### Work required
Pictures are to be left out, and only the lines from the one containing "16 Pro Max, Venito" through the last line of the data are to be returned exactly.

### Data extract
·····

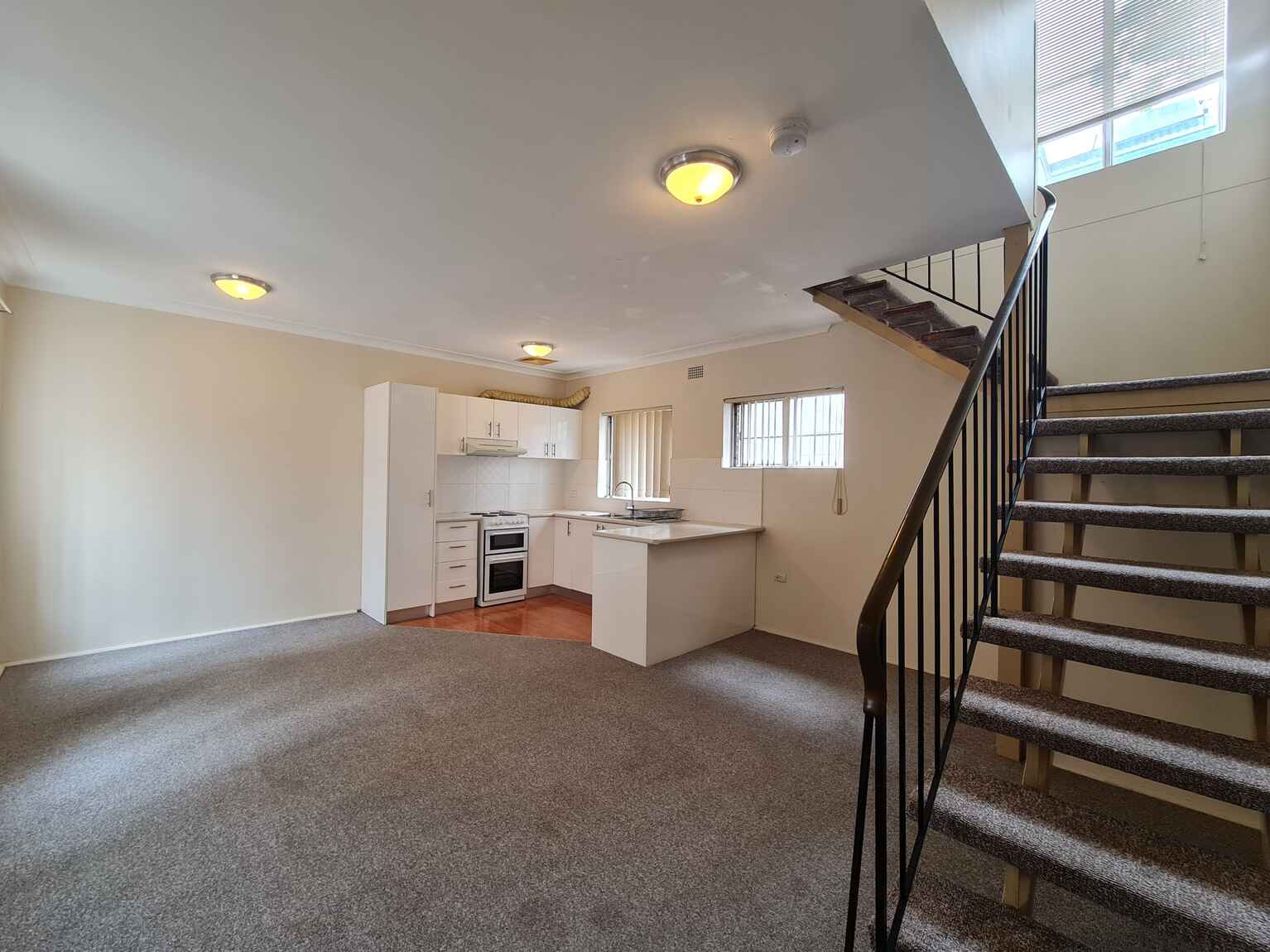 2/102 Darley Street Newtown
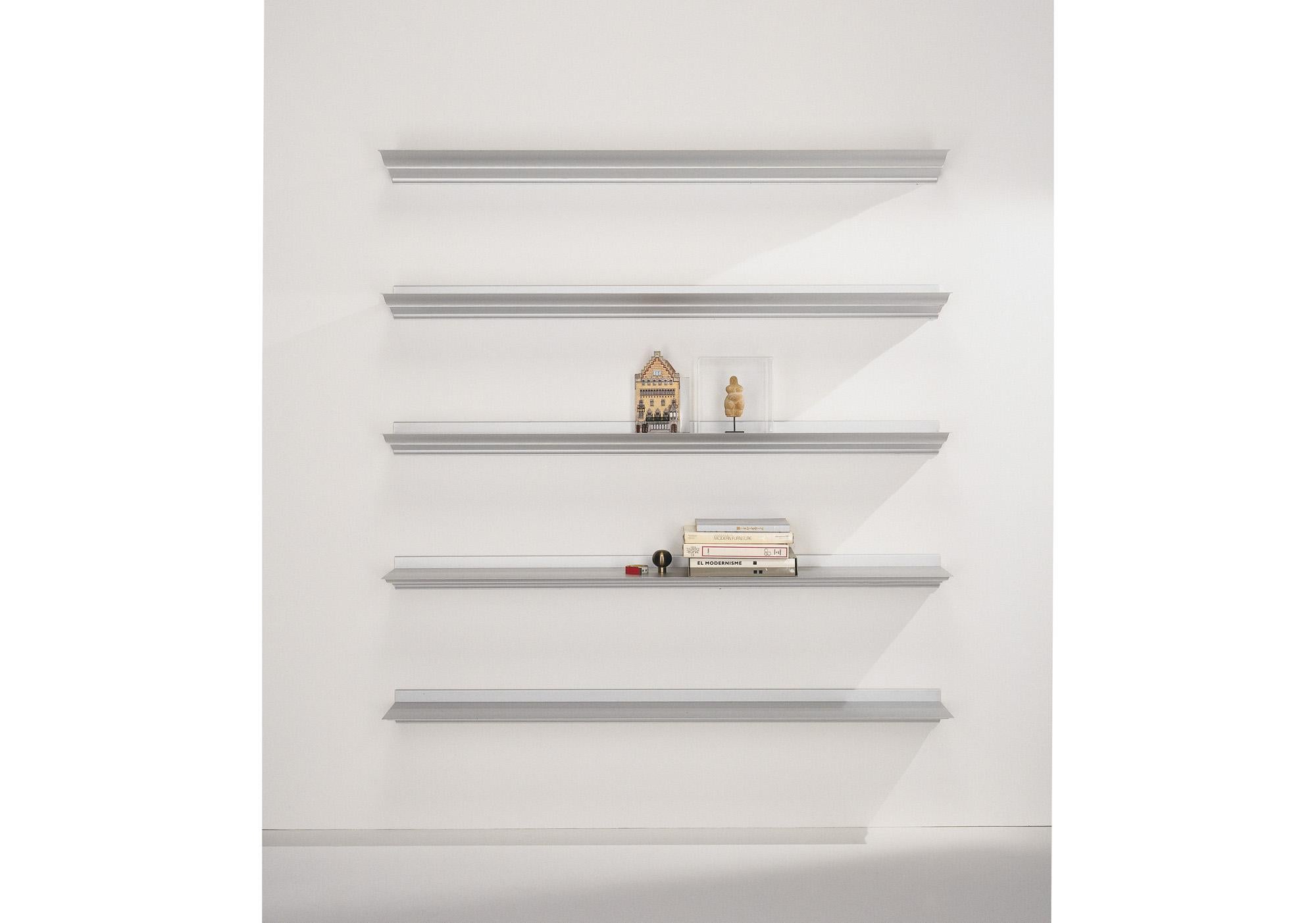 Wall mounted aluminium shelving, minamilist custom design  (1 Unit :  15CM/1 M ) In New Condition For Sale In Barcelona, ES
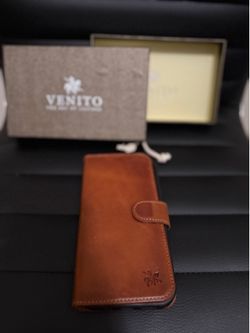 16 Pro Max, Venito Premium Leather Detachable 2-in-1 Wallet Phone Case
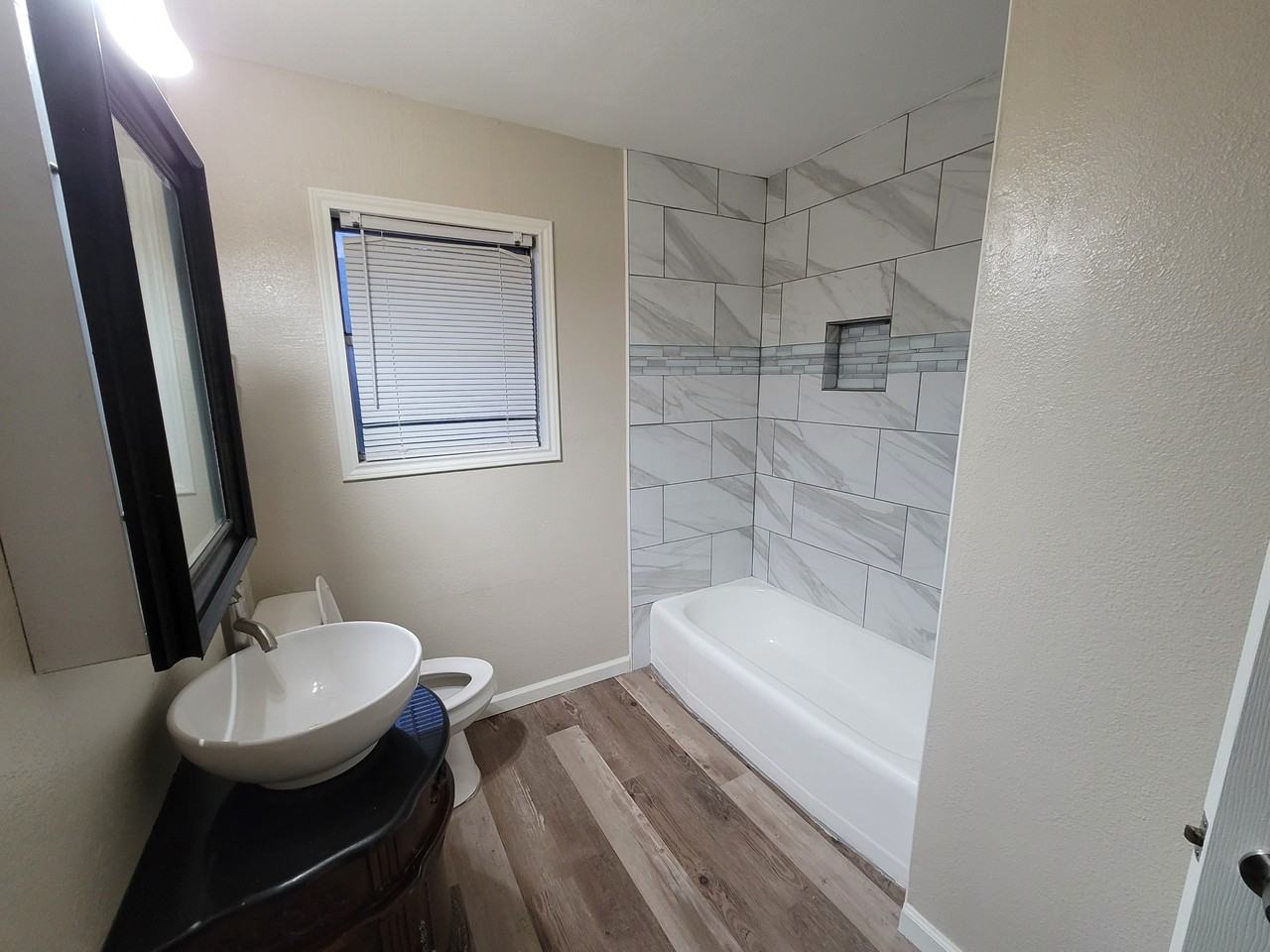 805 Lamar St - Photo 7 of 12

·····

### Result for this exercise
 16 Pro Max, Venito Premium Leather Detachable 2-in-1 Wallet Phone Case
 805 Lamar St - Photo 7 of 12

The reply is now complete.